YOUR INSTRUCTIONS: Using the listing below, copy exactly each line from the one that has "Disney Princess nachthemd" through the one that has "Essentials Planner Stickers Student - 2"; omit the pictures.

LISTED RECORDS:
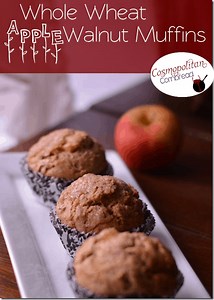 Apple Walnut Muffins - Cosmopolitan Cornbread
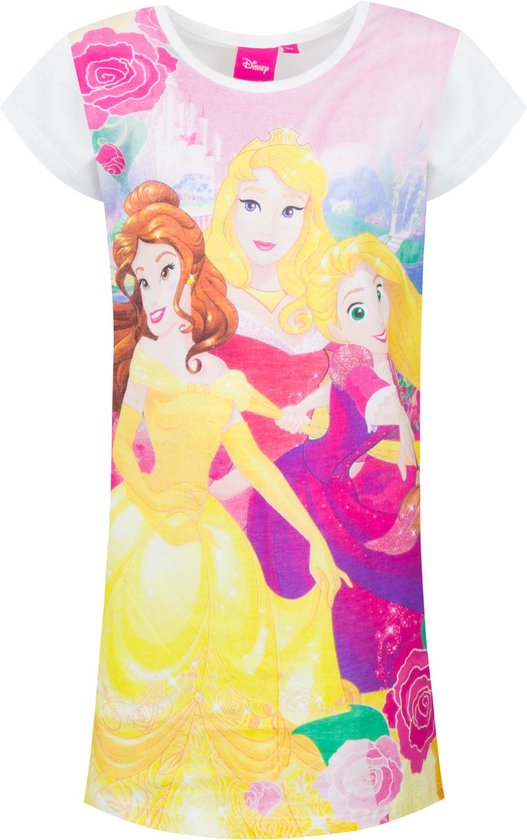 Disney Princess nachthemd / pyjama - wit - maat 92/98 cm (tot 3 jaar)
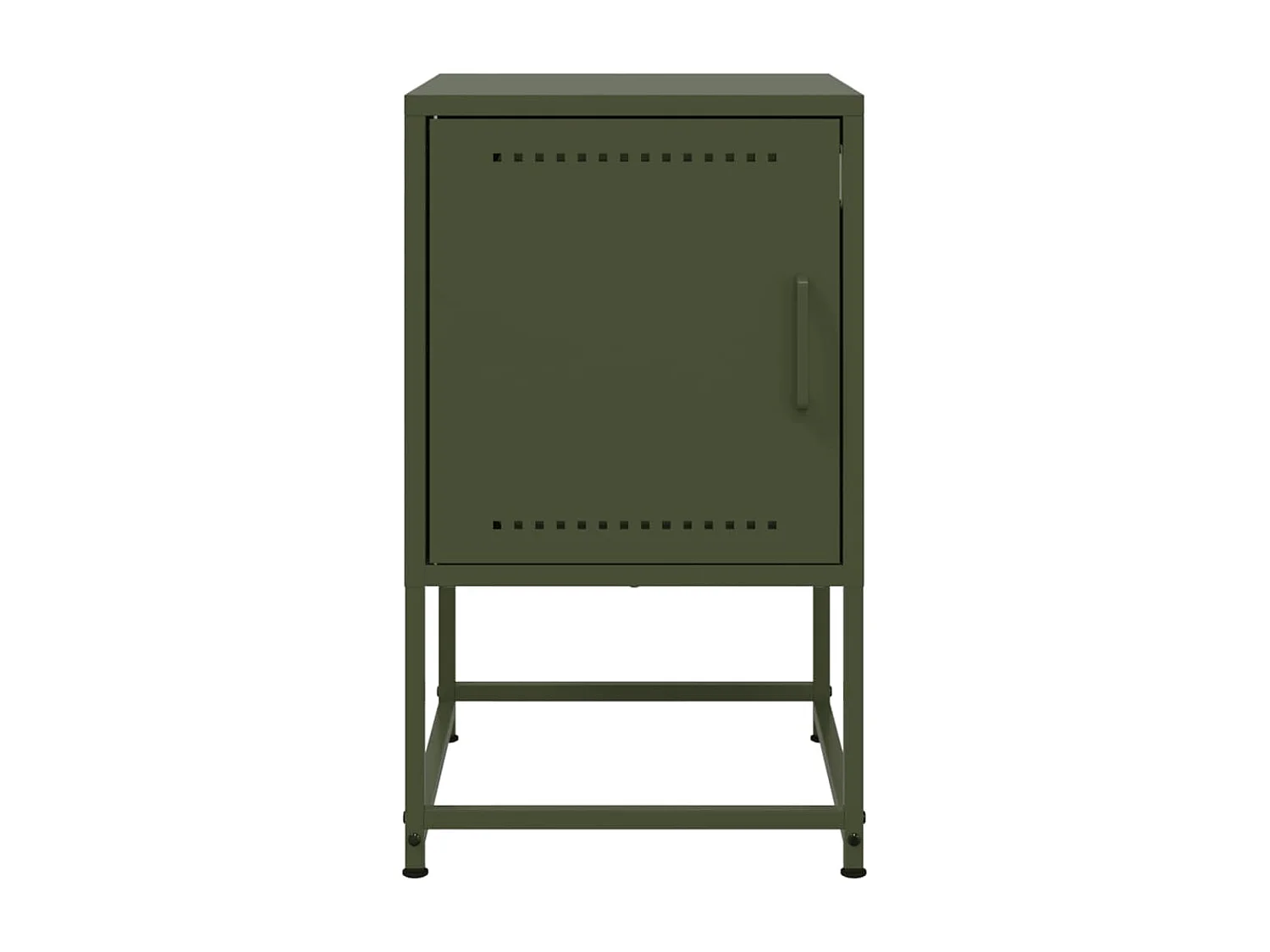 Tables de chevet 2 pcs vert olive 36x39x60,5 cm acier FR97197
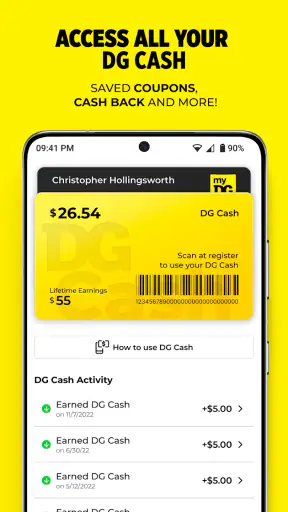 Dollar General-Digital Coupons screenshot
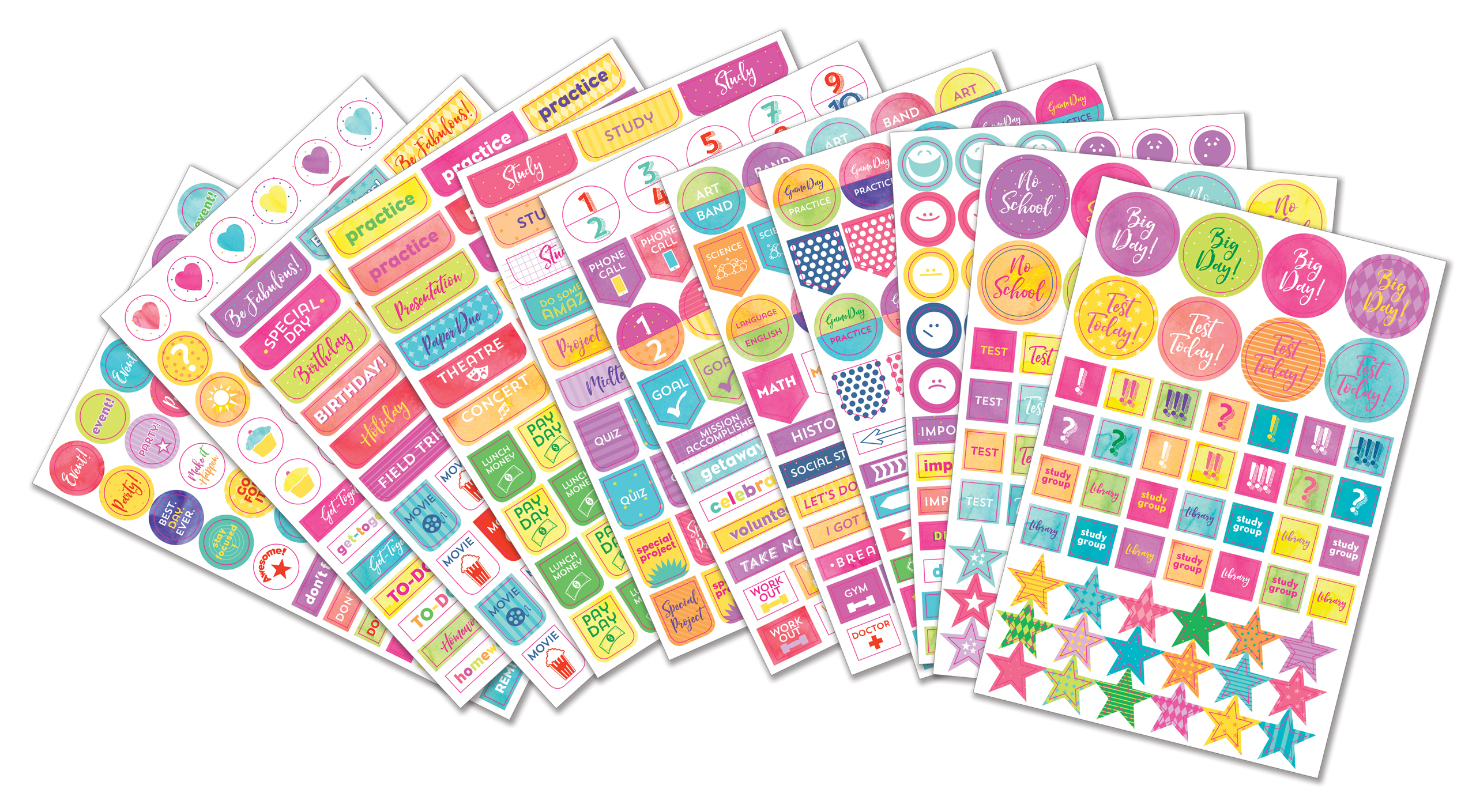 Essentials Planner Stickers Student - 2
---
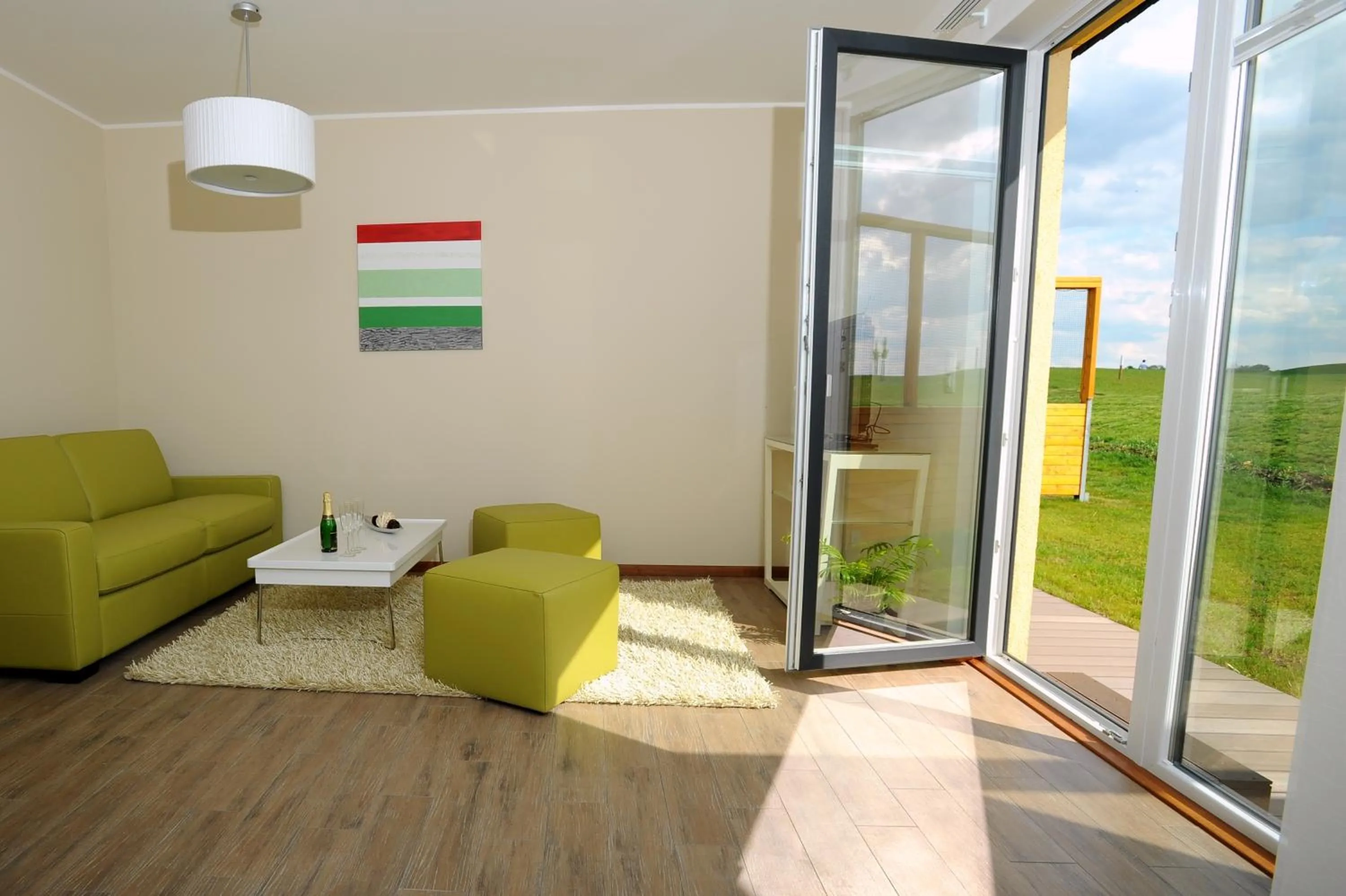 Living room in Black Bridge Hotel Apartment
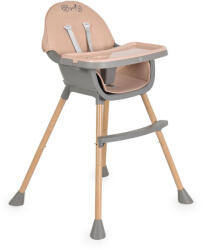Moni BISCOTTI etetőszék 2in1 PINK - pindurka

EXPECTED ANSWER:
 Disney Princess nachthemd / pyjama - wit - maat 92/98 cm (tot 3 jaar)
 Tables de chevet 2 pcs vert olive 36x39x60,5 cm acier FR97197
 Dollar General-Digital Coupons screenshot
 Essentials Planner Stickers Student - 2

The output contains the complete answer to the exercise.